Sample Images taken with the
Cyclopital3D Stereo Base Extender
Shown in X-eye/Cross-eye Viewing Format
The sample images below show the change in scale in the Z dimension that results from using the Cyclopital3D Stereo Base Extender.
Note that two of the images taken with the SBE have “excessive” deviation (>4%). I personally like images with a lot of depth and experience no “discomfort” with such images, but others see the world (or in this case pictures) differently. Excessive deviation can be avoided either by moving back from the subject (closest object) a bit, or by framing to limit the distance to the furthest object in the background.
Ken Burgess, November 2011
Without SBE Total Deviation of 0.8%
With SBE Total Deviation of 3%
Without SBE Total Deviation of 0.7%
With SBE Total Deviation of 3.3%
Without SBE Total Deviation of 1.4%
With SBE Total Deviation of 4.5%
Note: These sample images were taken with the JVC GS-TD1 camcorder, however because the stereo base of the Sony is nearly the same as the JVC, the results are essentially the same for both the JVC and Sony. We also chose to use the JVC because the Sony won't capture still image and the JVC does.

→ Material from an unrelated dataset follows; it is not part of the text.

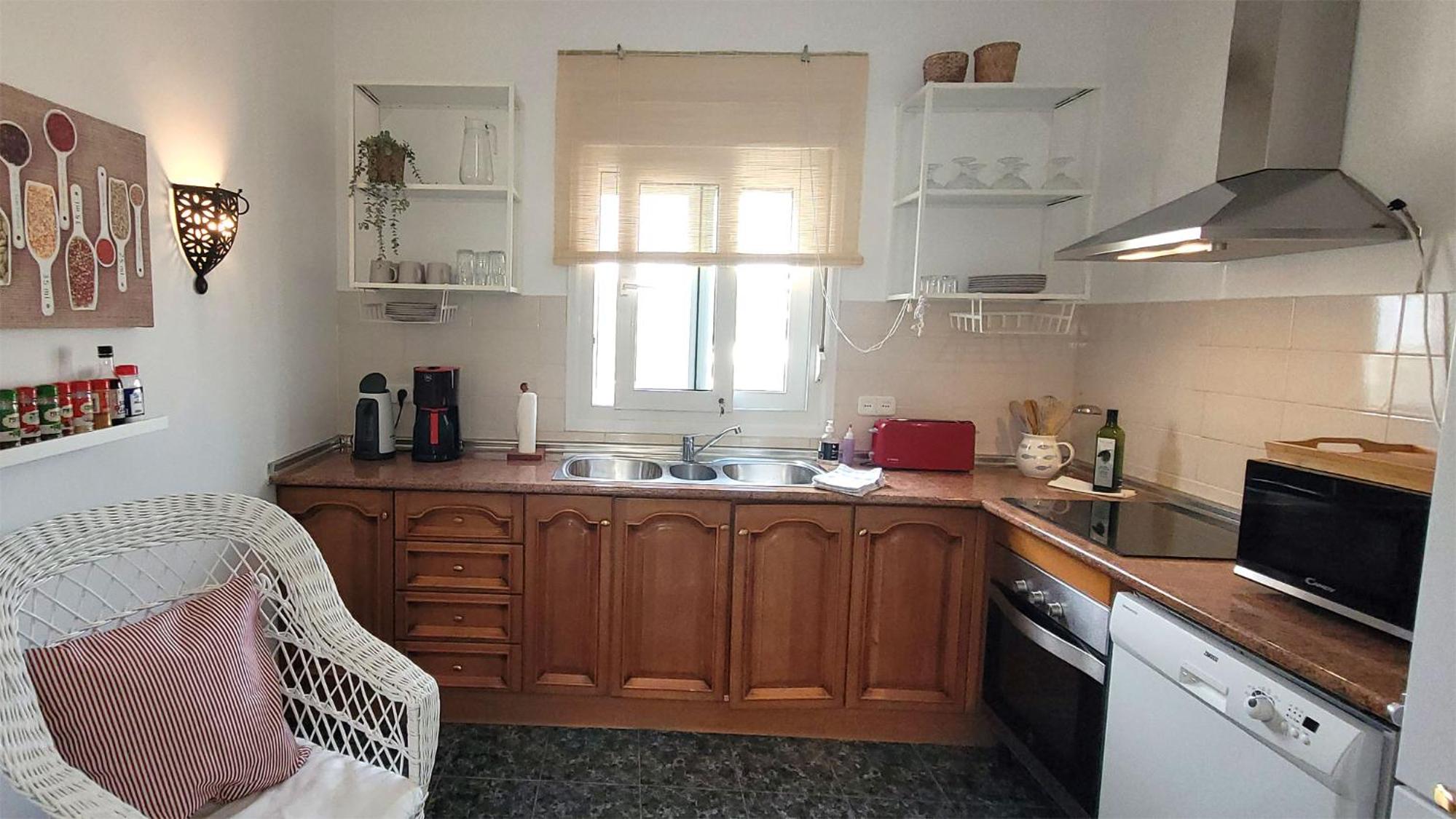 Two-Bedroom House photo 3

The pictures were processed taking care to balance any differences in frame, scale, brightness, color etc., but because they were taken at slightly different times there remain small differences in these parameters that are not a result of the use of the Stereo Base Extender.

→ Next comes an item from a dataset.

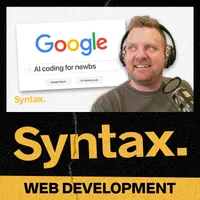 Syntax - Tasty Web Development Treats artwork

The caption of each image indicates the total deviation as a percentage of the image width. A commonly considered “optimum” deviation is 3%, if it's less, the image may have “little depth,” more and the image may become difficult (for some) to view as a result of "excessive deviation." There is a large range of opinion on the subject of deviation, probably because there is a large range in the way different people actually perceive stereoscopic imagery.